What's more, the line between what's “hot” and what's not is extremely blurry. As Zenprise puts it, one company's blacklist is another company's whitelist. After all, how can an organization justify banning Facebook, Twitter, and YouTube company-wide if one of its objectives is to develop a stronger social media presence? And why wouldn't a company encourage employees to help decrease communications costs by using Skype whenever possible?

The answer, for many, is directly linked to productivity: If employees have access to games, app boutiques, and social networking sites, chances are they will fritter away their time while on the clock, right?


“I'm generally not a fan of blacklisting for productivity-preserving purposes, primarily because I think that humans are great at finding ways to waste time.” Pete Lindstrom,
VP Research, Spire Security

NOT A PRODUCTIVITY ISSUE
That argument is weak, says Pete Lindstrom, vice president of research at Spire Security, a risk and cyber-security analysis firm in Malvern, Pa. “I'm generally not a fan of blacklisting for productivity-preserving purposes, primarily because I think that humans are great at finding ways to waste time,” he says. And if they don't waste it online, they will waste it somewhere else or in some other way.

Security is another issue, especially for companies in highly regulated industries. “To the extent that we are trying to get smarter about security, and are blacklisting in order to protect against things like drive-by downloads, spyware, and various types of attacks against systems, then I'm generally supportive of the notion,” Lindstrom says.

Even firms operating under less restrictive regulations can fall prey to, say, the likes of Dropbox. All that's needed is for a disgruntled employee to download valuable client lists or trade secrets onto his or her personal hard drive, and the company has a potential disaster on its hands.

For the majority of organizations, however, blacklisting is a question of balance. Banning presumably responsible adults from full Internet access usually results in decreased employee morale, which is not so great if there is an interest in maintaining productivity.

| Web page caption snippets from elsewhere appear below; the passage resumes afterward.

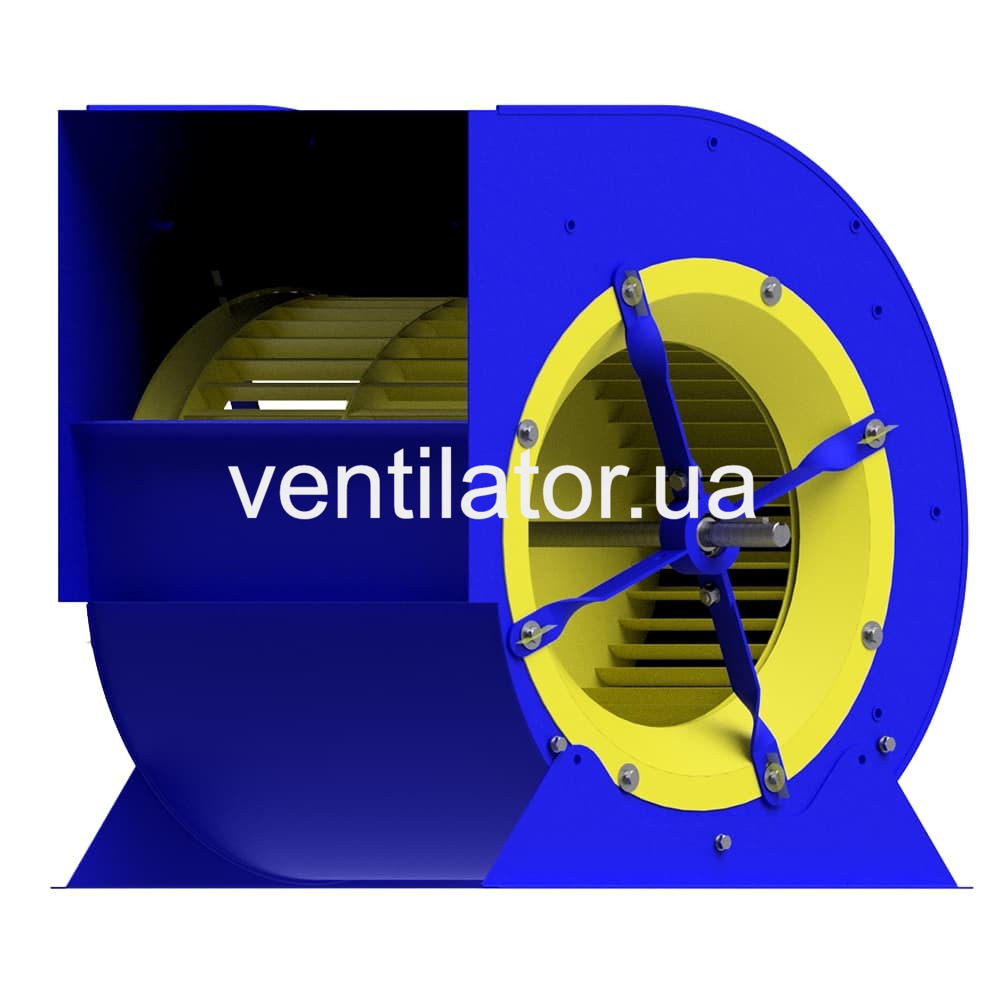 Промышленный радиальный вентилятор среднего давления БРВ 18-18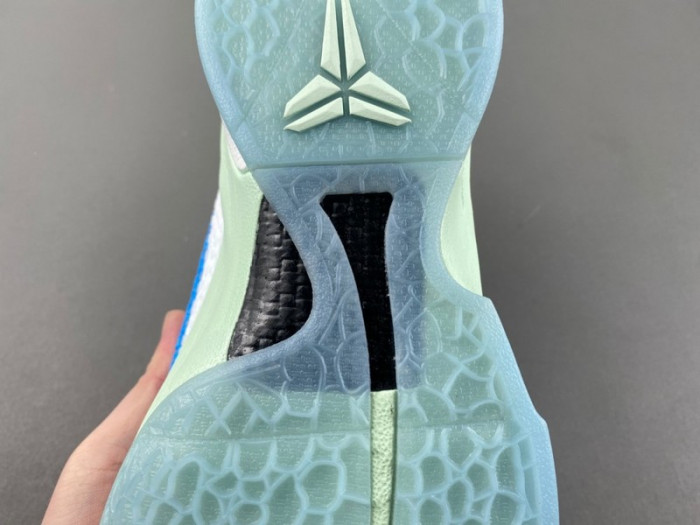 Nike Zoom Kobe White/Light Blue CW2190-402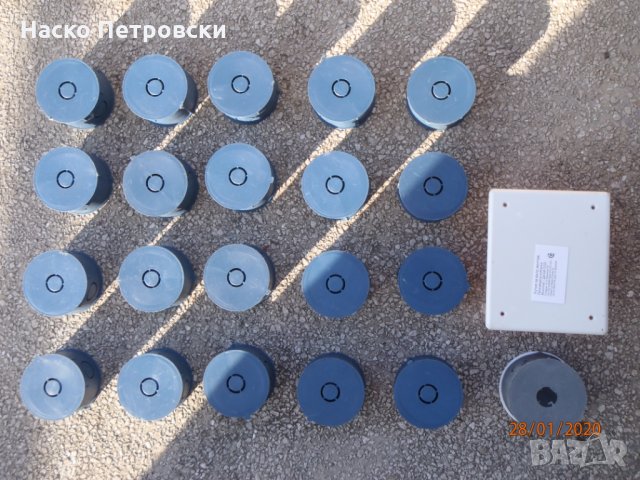 Конзоли(Розетки), Кутии за Електрически инсталации жилищни., снимка 2 - Ключове, контакти, щепсели - 28159741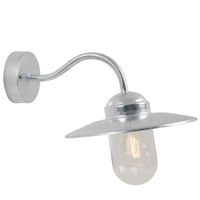 Luxembourg, Wandleuchte, Verzinkt - E27, max.60W, IP54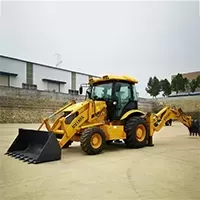 Экскаваторы-погрузчики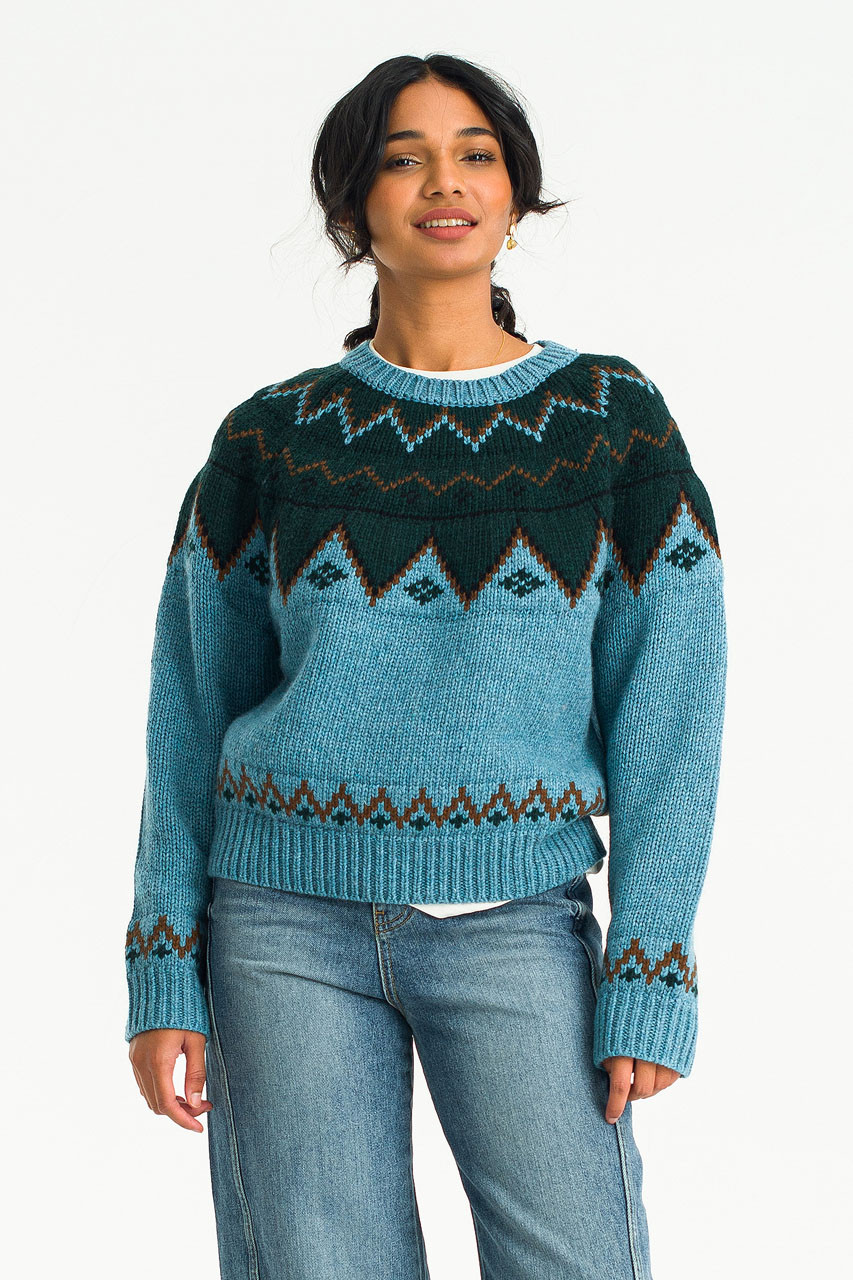 Nordic Jumper, Blue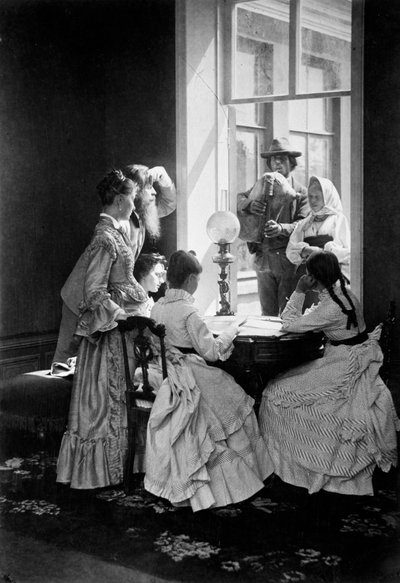 ロシアの作曲、c1870s-c1880s。 作： Andrei Osipovich Karelin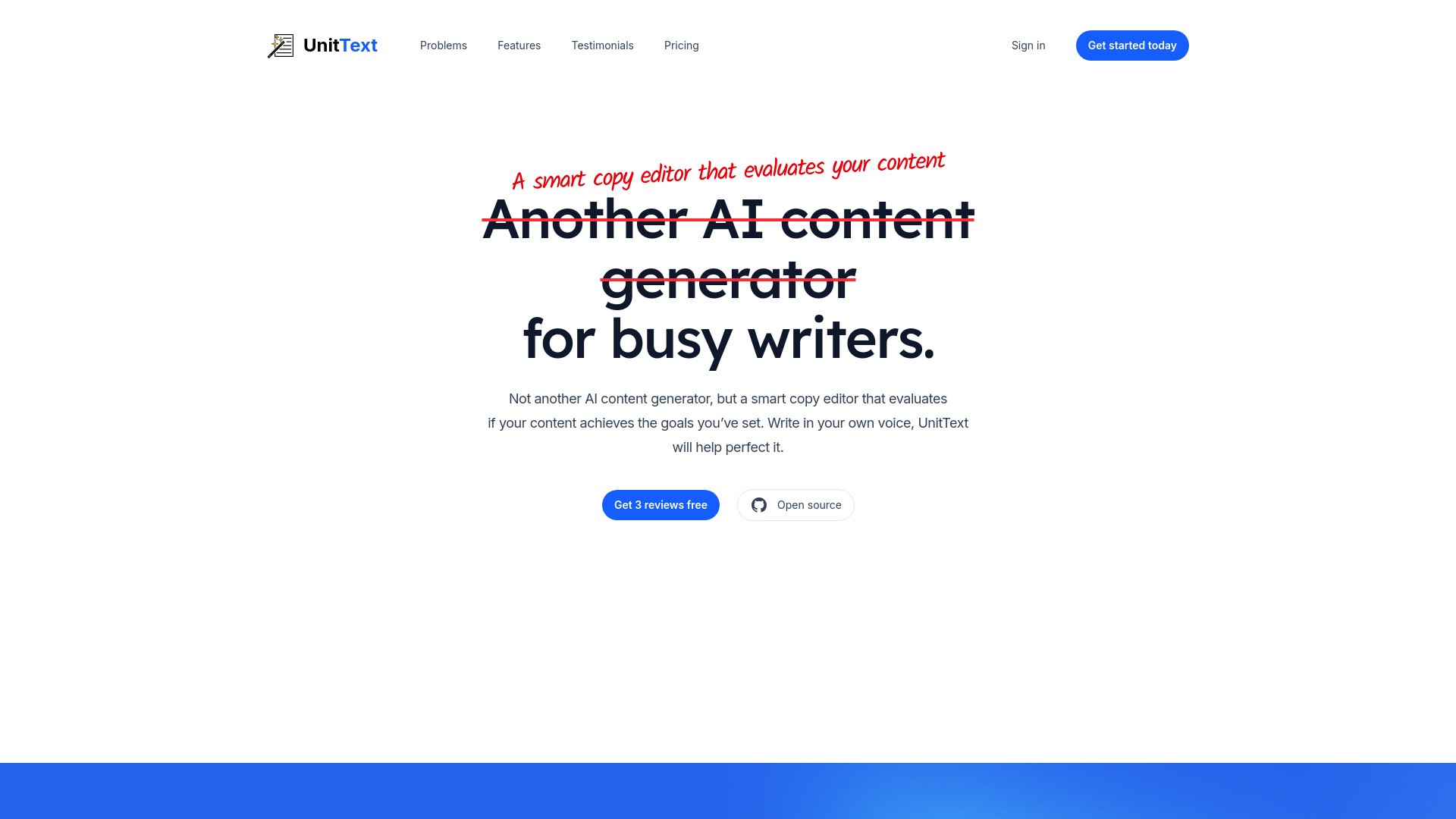 UnitText - AI copy editor 截图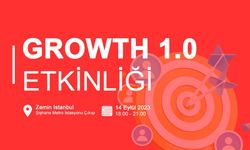 Growth 1.0 Etkinliği 14 Eylül'de İstanbul'da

For Lindstrom, if blacklisting seems like a company's only option, then the company's leadership needs to explain itself clearly. “I would hope that management, in talking about blacklisting, would be clear in their objectives and also fair to their employees,” he says. “If it's because of a specific security concern, then they should have a very specific reason as to why it exists, and why there isn't a better way [to protect against it].”